**Data to process:**
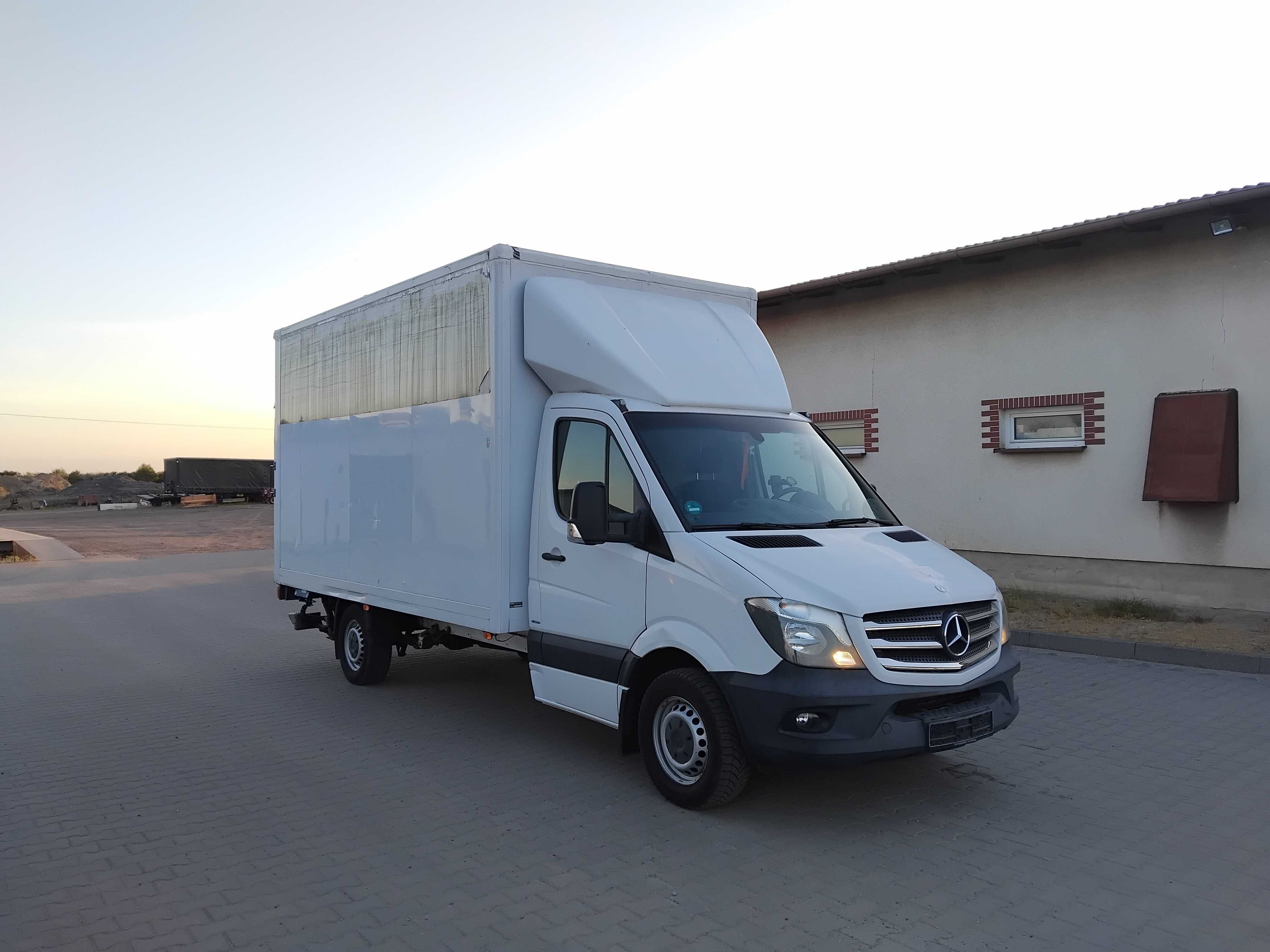 Mercedes Sprinter 906 Max kontener z windą Transport + lotka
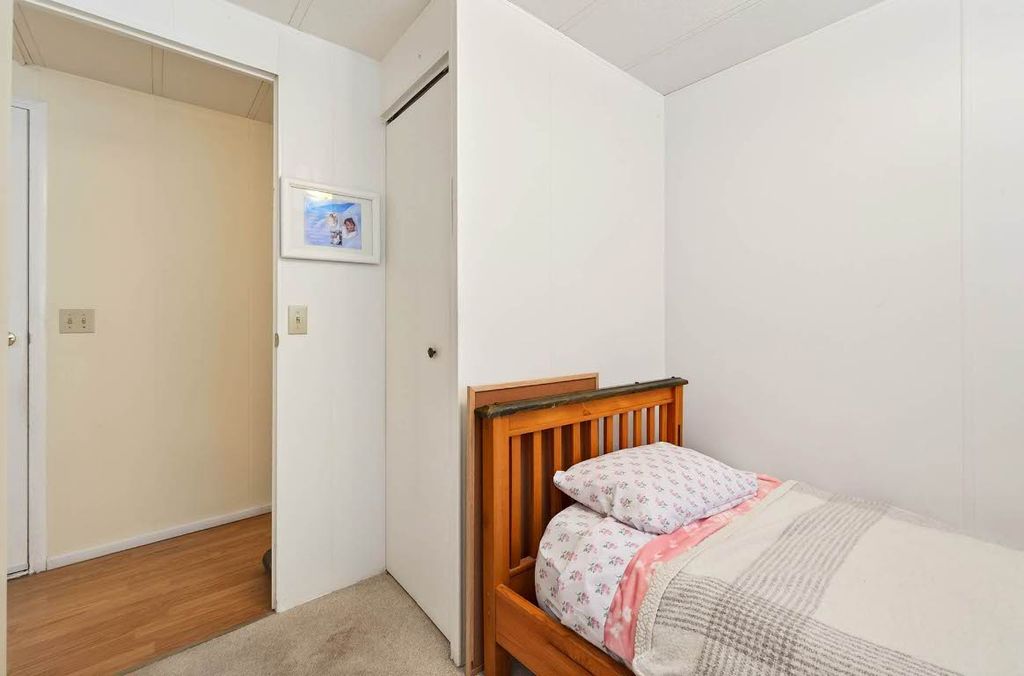 listing image 16512195818095962139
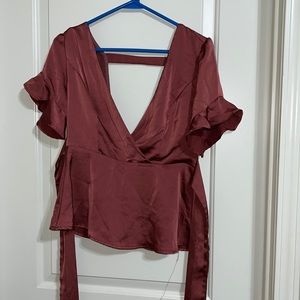 Elegant top that ties and zips!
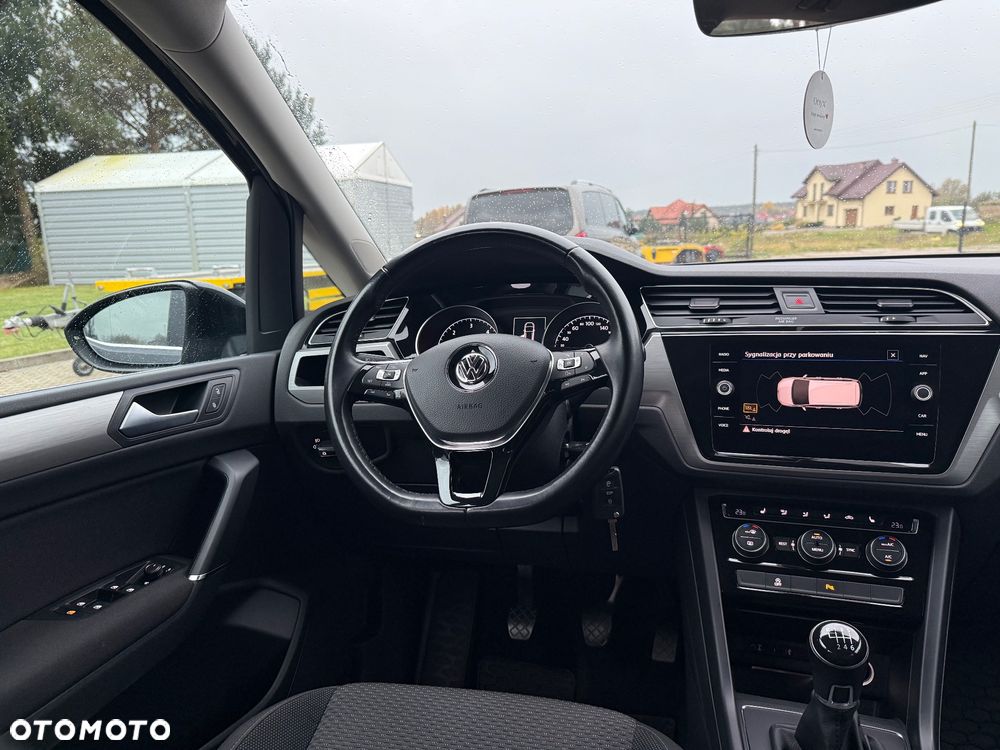 Volkswagen Touran 1.6 TDI BMT SCR Comfortline - 14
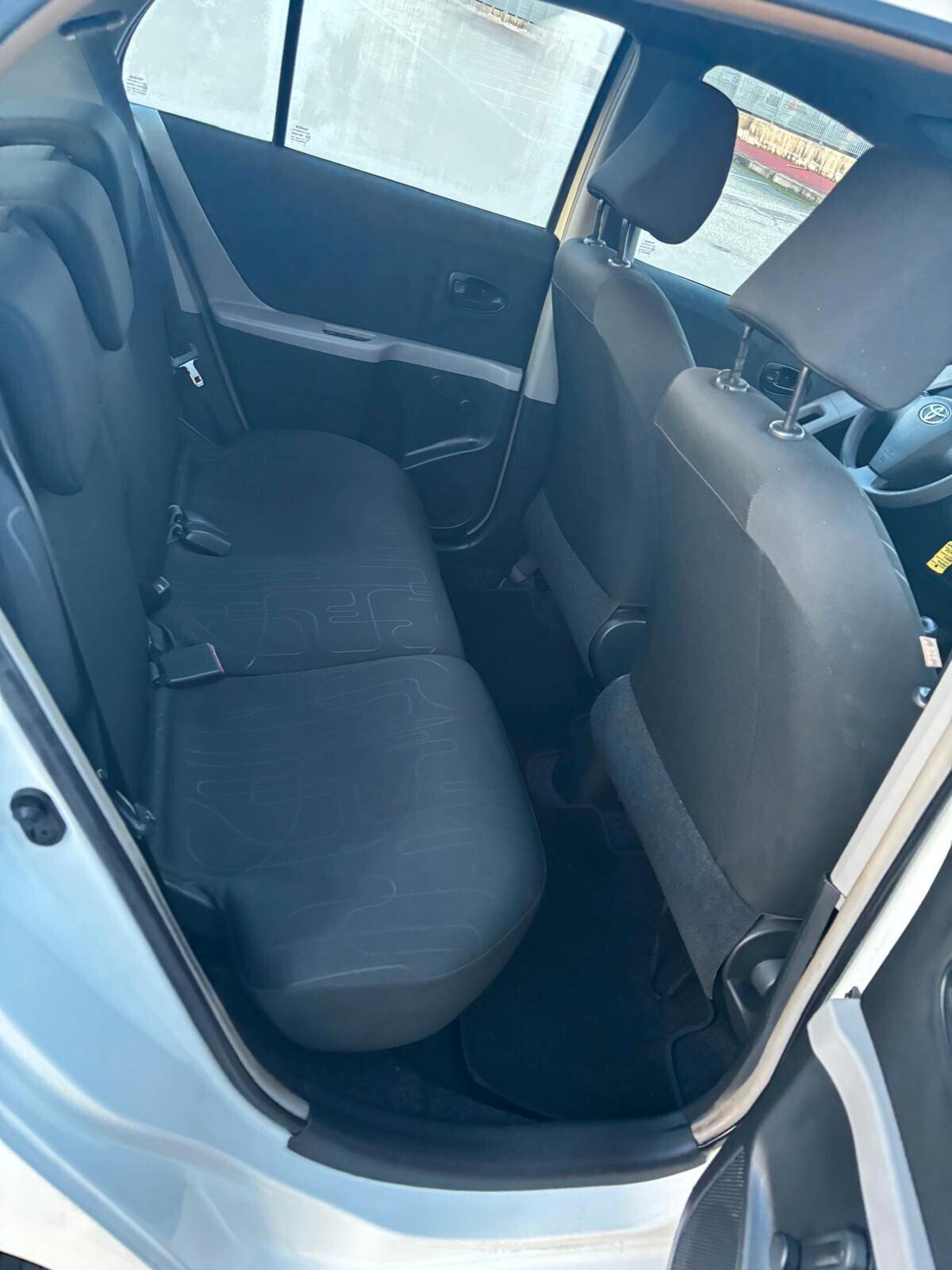 Toyota Yaris 1.0 5 porte Sol UNICO PROPRIETARIO TAGLIANDATA TOYOTA UNICO PROPRIETARIO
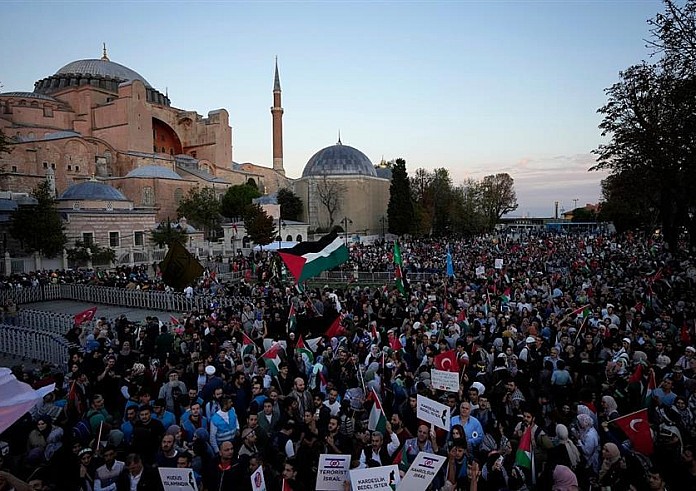 Τουρκία: Όλοι οι Ισραηλινοί καλούνται να εγκαταλείψουν τη χώρα - Κόμματα καλούν σε διαδηλώσεις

**What you have to do:** Your answer must be only the lines from the one that holds "Elegant top that ties and zips!" to the end of the listing, each restated word for word, with both ends kept and pictures left out.

**The answer:**
 Elegant top that ties and zips!
 Volkswagen Touran 1.6 TDI BMT SCR Comfortline - 14
 Toyota Yaris 1.0 5 porte Sol UNICO PROPRIETARIO TAGLIANDATA TOYOTA UNICO PROPRIETARIO
 Τουρκία: Όλοι οι Ισραηλινοί καλούνται να εγκαταλείψουν τη χώρα - Κόμματα καλούν σε διαδηλώσεις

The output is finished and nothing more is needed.